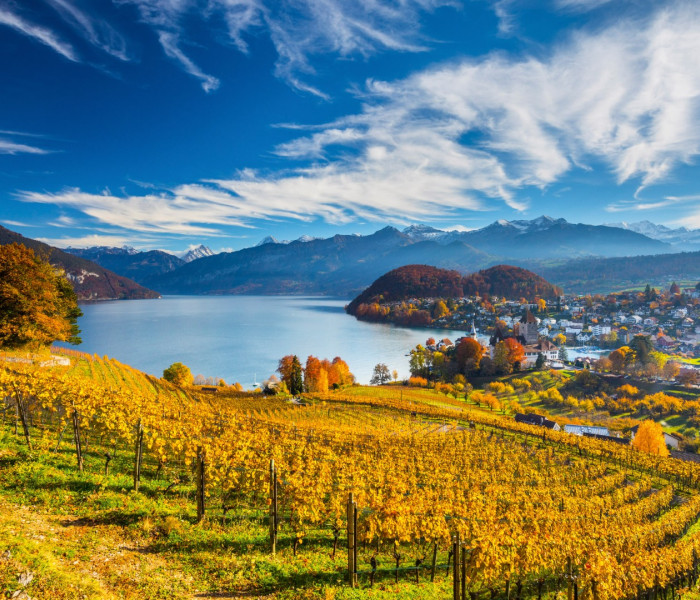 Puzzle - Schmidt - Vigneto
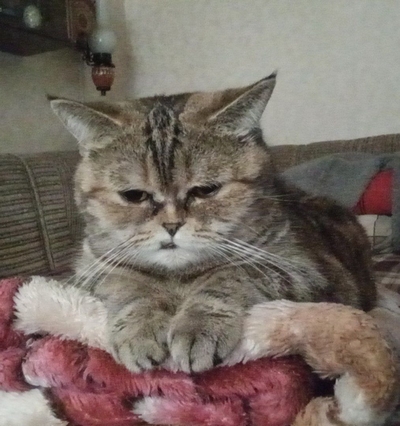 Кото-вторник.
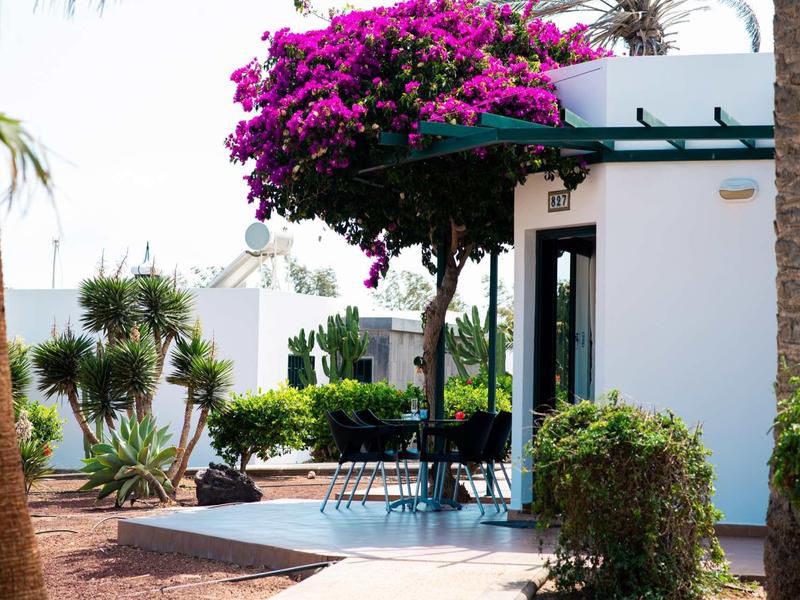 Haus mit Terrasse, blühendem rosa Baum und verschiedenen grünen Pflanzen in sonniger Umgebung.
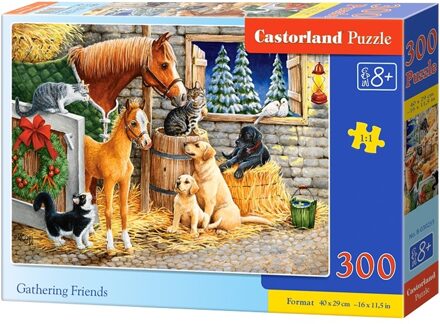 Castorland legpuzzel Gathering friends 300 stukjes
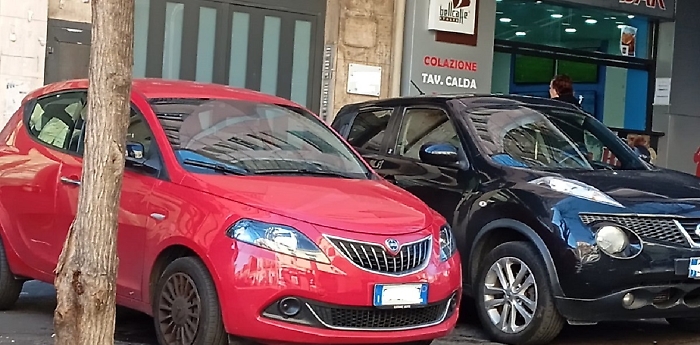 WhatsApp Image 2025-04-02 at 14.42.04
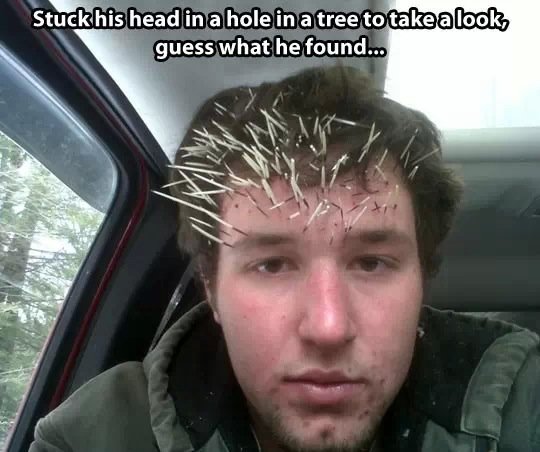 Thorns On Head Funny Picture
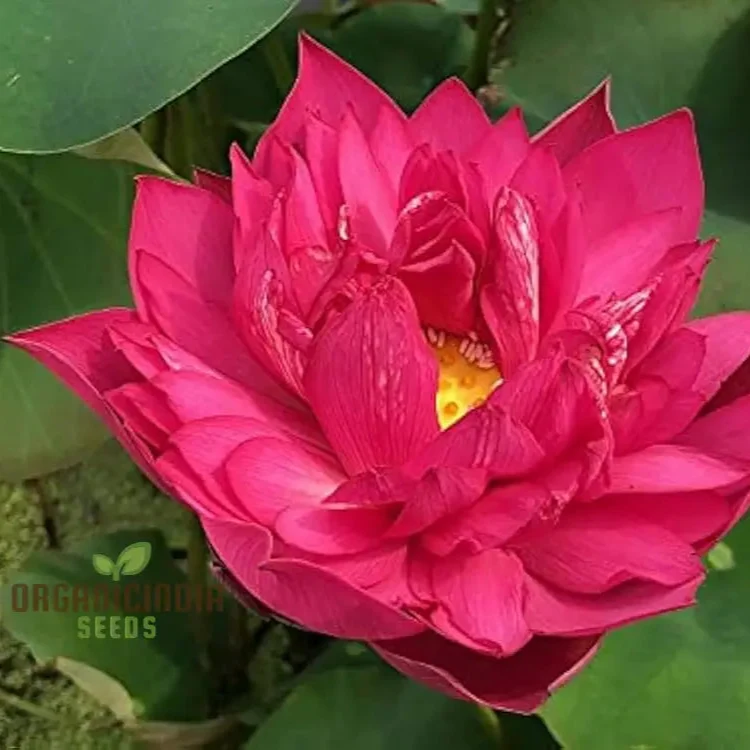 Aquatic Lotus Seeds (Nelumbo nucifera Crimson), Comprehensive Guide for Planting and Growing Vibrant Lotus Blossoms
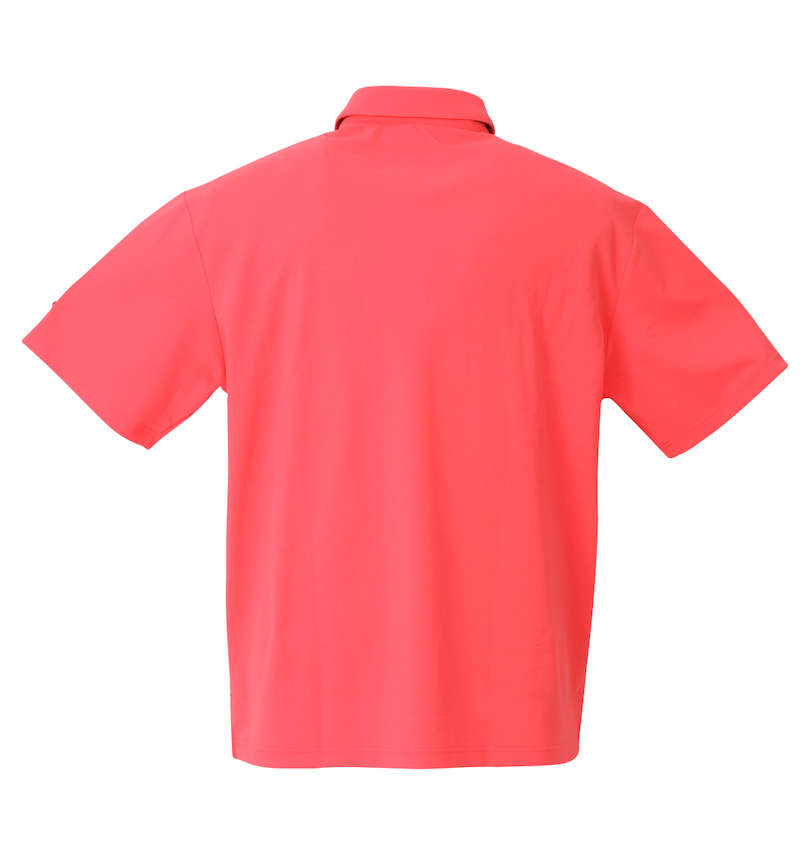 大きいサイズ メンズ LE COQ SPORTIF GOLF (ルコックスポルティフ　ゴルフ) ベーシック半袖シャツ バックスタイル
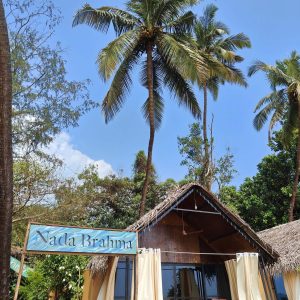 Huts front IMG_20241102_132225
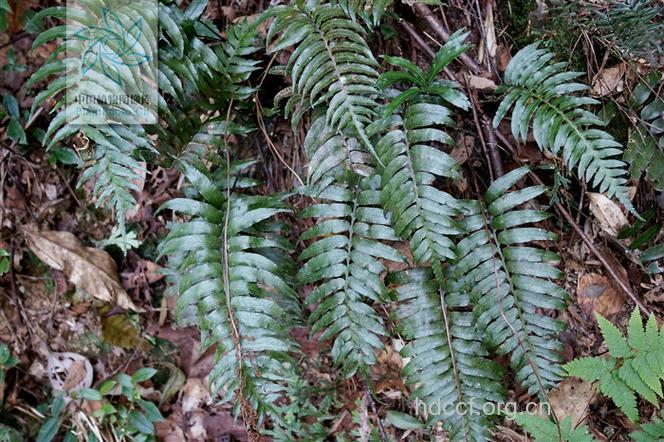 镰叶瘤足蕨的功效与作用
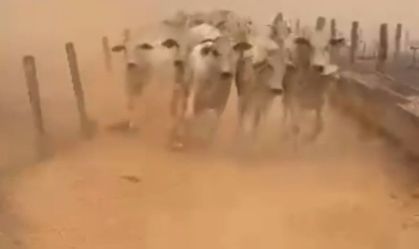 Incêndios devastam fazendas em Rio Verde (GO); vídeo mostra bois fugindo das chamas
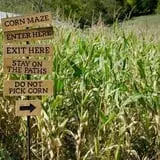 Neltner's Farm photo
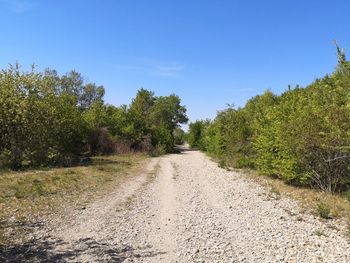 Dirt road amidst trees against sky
--
-- TASK STATEMENT --
Retype the listing exactly. Skip every picture.

-- SOLVED PROBLEM --
 Puzzle - Schmidt - Vigneto
 Кото-вторник.
 Haus mit Terrasse, blühendem rosa Baum und verschiedenen grünen Pflanzen in sonniger Umgebung.
 Castorland legpuzzel Gathering friends 300 stukjes
 WhatsApp Image 2025-04-02 at 14.42.04
 Thorns On Head Funny Picture
 Aquatic Lotus Seeds (Nelumbo nucifera Crimson), Comprehensive Guide for Planting and Growing Vibrant Lotus Blossoms
 大きいサイズ メンズ LE COQ SPORTIF GOLF (ルコックスポルティフ　ゴルフ) ベーシック半袖シャツ バックスタイル
 Huts front IMG_20241102_132225
 镰叶瘤足蕨的功效与作用
 Incêndios devastam fazendas em Rio Verde (GO); vídeo mostra bois fugindo das chamas
 Neltner's Farm photo
 Dirt road amidst trees against sky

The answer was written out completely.